[Exercise input Boundary: Start]

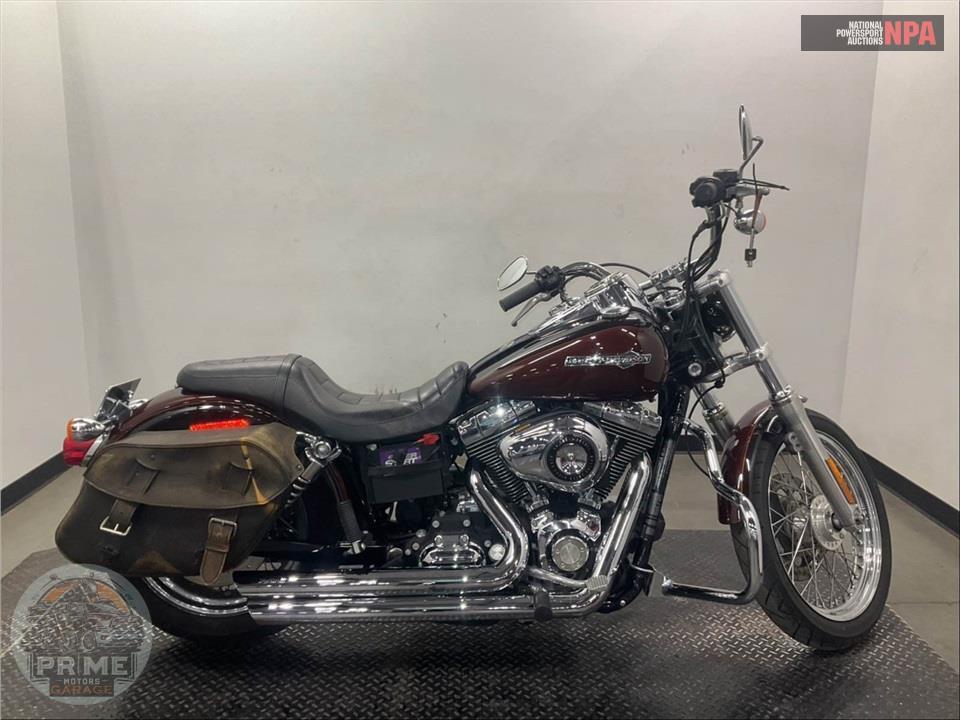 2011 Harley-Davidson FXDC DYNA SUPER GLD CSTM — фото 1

[Exercise input Boundary: End]
[Exercise input Boundary: Start]

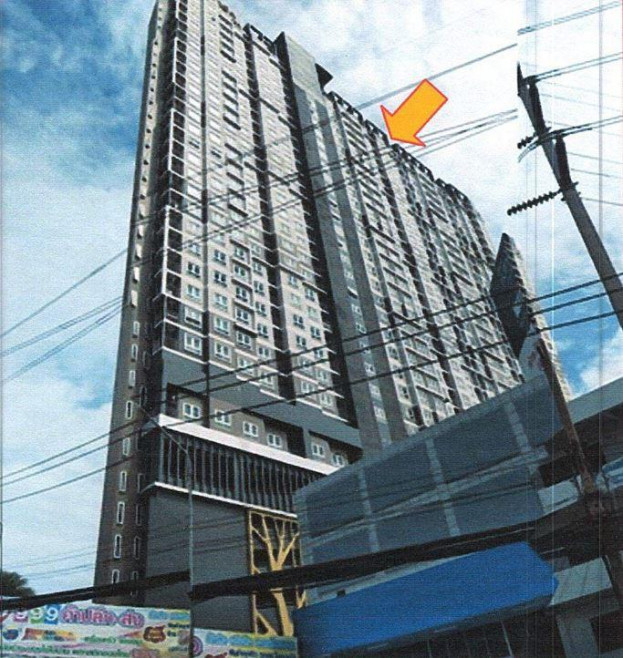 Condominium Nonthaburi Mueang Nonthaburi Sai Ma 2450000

[Exercise input Boundary: End]
[Exercise input Boundary: Start]

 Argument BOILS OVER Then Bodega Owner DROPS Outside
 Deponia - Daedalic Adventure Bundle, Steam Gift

[Exercise input Boundary: End]

#### Activity
Scan the lines above for "Argument BOILS OVER" and for "Deponia - Daedalic". Repeat exactly the line holding each of them and every line in between.

#### Result of this exercise
 Argument BOILS OVER Then Bodega Owner DROPS Outside
 Deponia - Daedalic Adventure Bundle, Steam Gift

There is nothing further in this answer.